Blessed be the Holy Method


Marxism is not a religion, but Hegelianism is.

Assuming for the moment that Plekhanov's version of Hegel is more-or-less the same as Marx's version of Hegel, this quote from Plekhanov shows why:

"We know that Hegel called his method dialectical; why did he do so?

In his Phänomenologie des Geistes he compares human life with dialogue, in the sense that under the pressure of experience our views gradually change, as happens to the opinions of disputants participating in a discussion of a profound intellectual nature. Comparing the course of development of consciousness with the progress of such a discussion, Hegel designated it by the word dialectics, or dialectical motion. This word had already been used by Plato, but it was Hegel who gave it its especially profound and important meaning.
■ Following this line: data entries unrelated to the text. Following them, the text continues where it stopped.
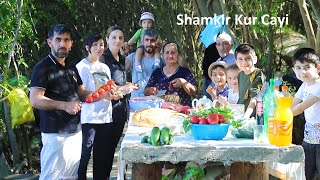 картинка: Дедушка и бабушка пошли на пикник на берегу реки Кура с внуками | Дойме Кебаба На садже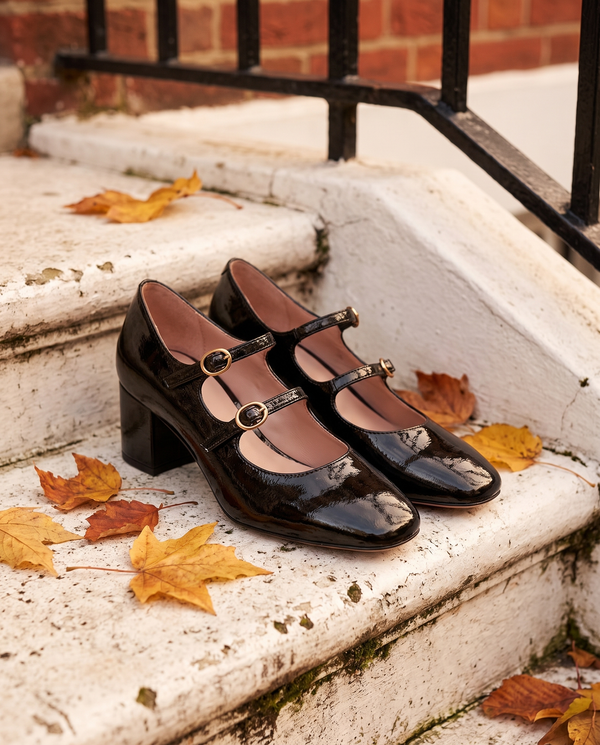 Escarpins DORIS noirs posés sur le perron d'une maison londonienne, feuilles d'automne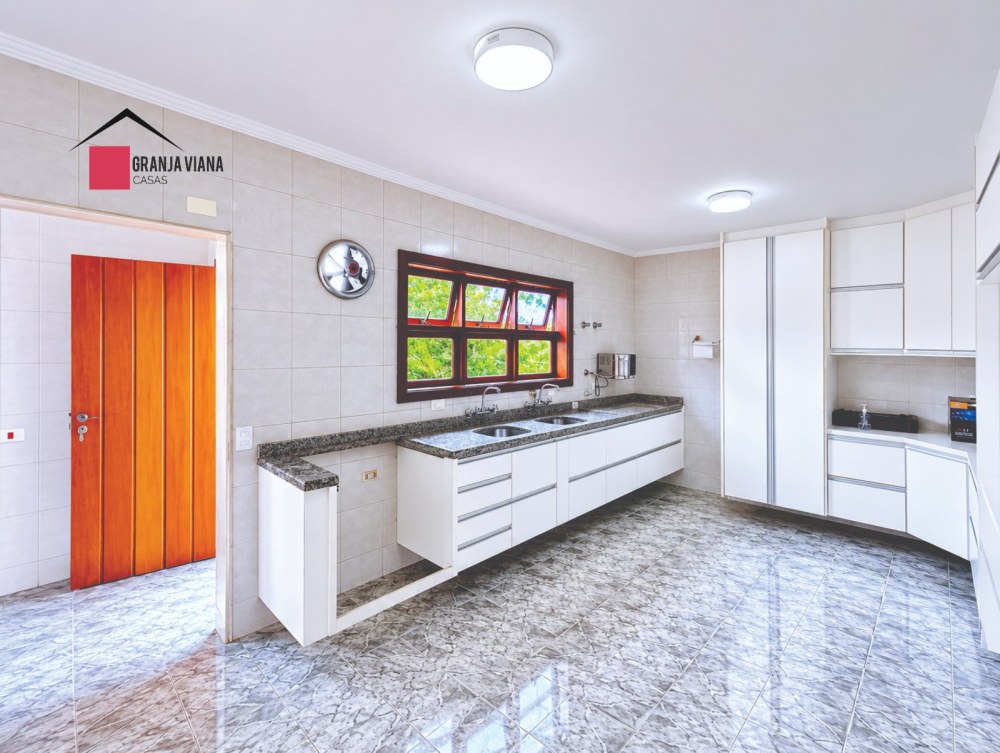 Casa com 4 dormitórios à venda, 356 m² por R$ 1.600.000,00 - Granja Viana - Carapicuíba/SP foto 24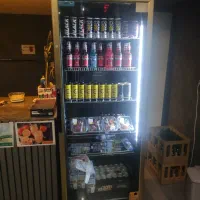 لوازم کافه آسیاب تابلوقهوه ساز صندلی یخچال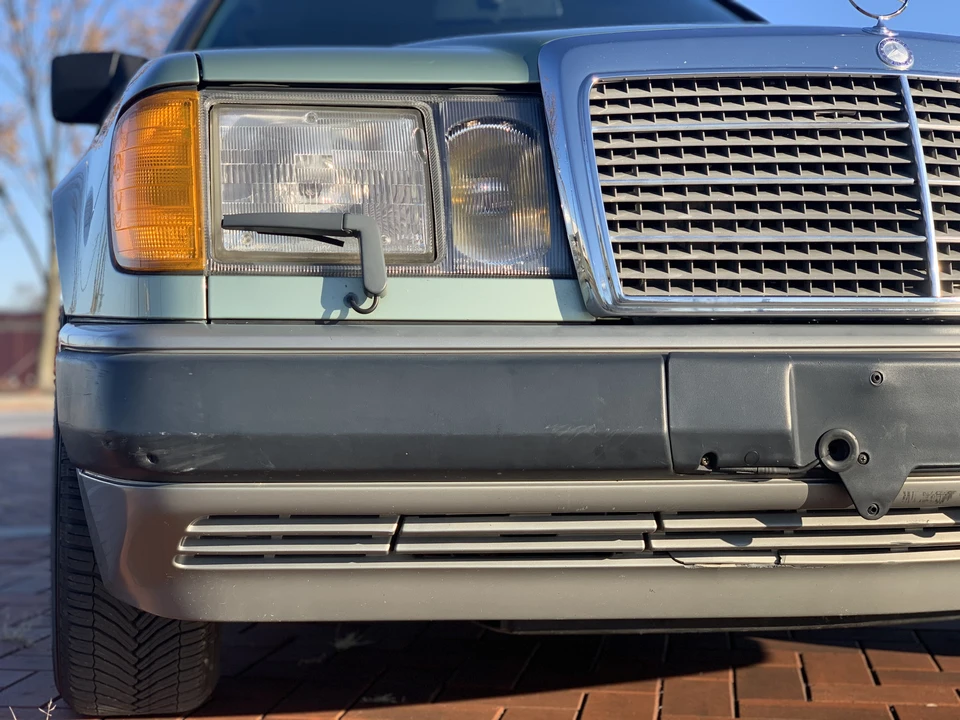 1988 Mercedes-Benz W124 E-Class - Image 29 of 31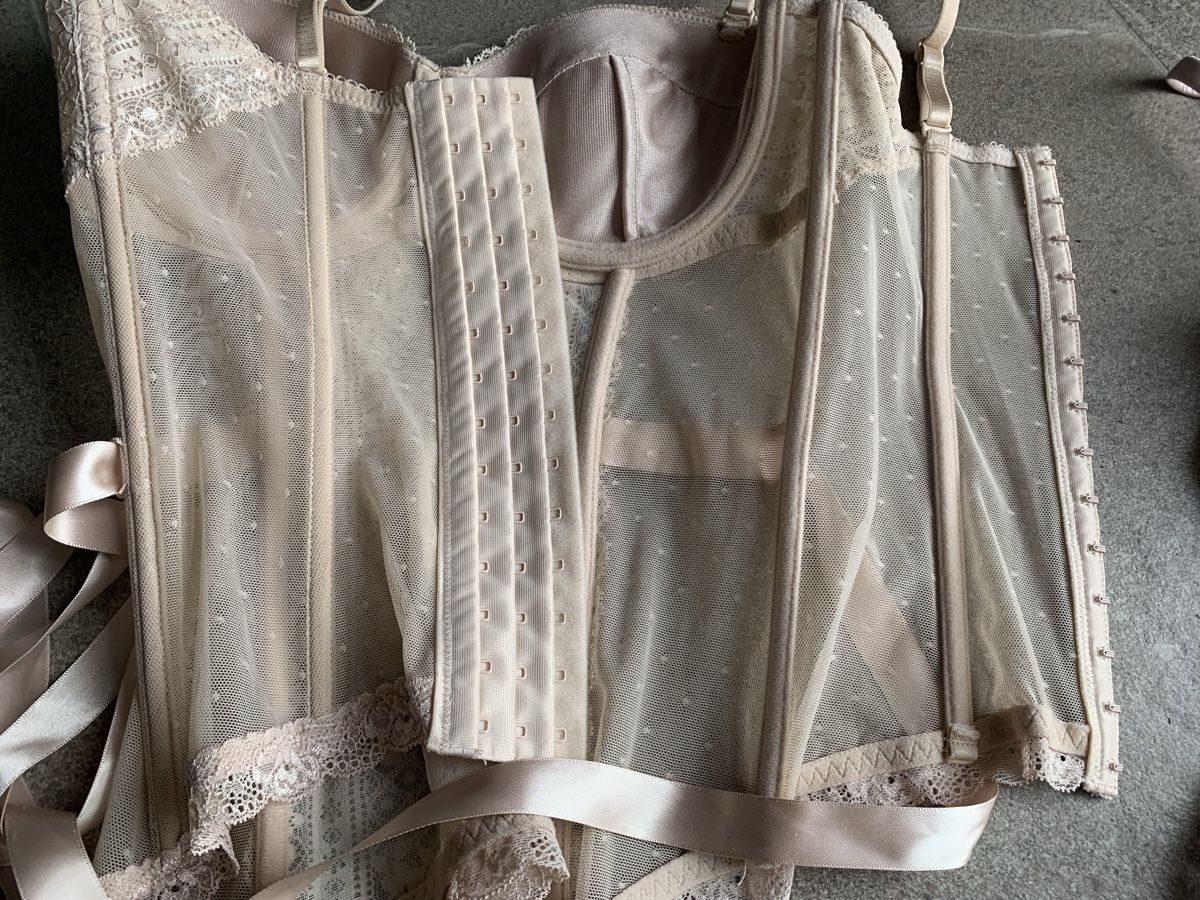 Altra biancheria intima: 3 er Set Spitzen- Corsage & Body Gr. 80C – Usato da Bühler venduto da Princess2016 4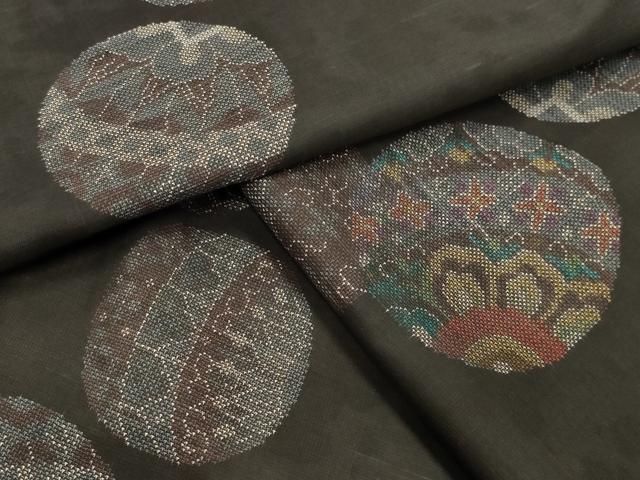 平和屋着物●本場大島紬 9マルキ 毬花文 正絹 gh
To Hegel, dialectics is the soul of all scientific knowledge. It is of extraordinary importance to comprehend its nature. It is the principle of all motion, of all life, of all that occurs in reality."
- Georg Plekhanov, From Idealism to Materialism, 1917


Read that last sentence again. Hegel describes a model of progress in human understanding of the world, one of stages somewhat akin to Khunian paradigms, with each stage incorporating the insights of the earlier ones but improving on them, in a successive approximation to an as-yet unknown truth.

It's a simplistic but defensible model, both of the way individuals learn from their lives and the way science progresses.

Then in the last sentence he suddenly asserts that the universe progresses in the same way. As below so above. That the universe is moving through stages of successive approximation to...what? Some kind of self-actualisation, presumably.

There's no reasoning given behind this leap - we're just supposed to be carried along from an epistemological hypothesis to a cosmological one as though there were no difference between changing your mind and changing your molecules.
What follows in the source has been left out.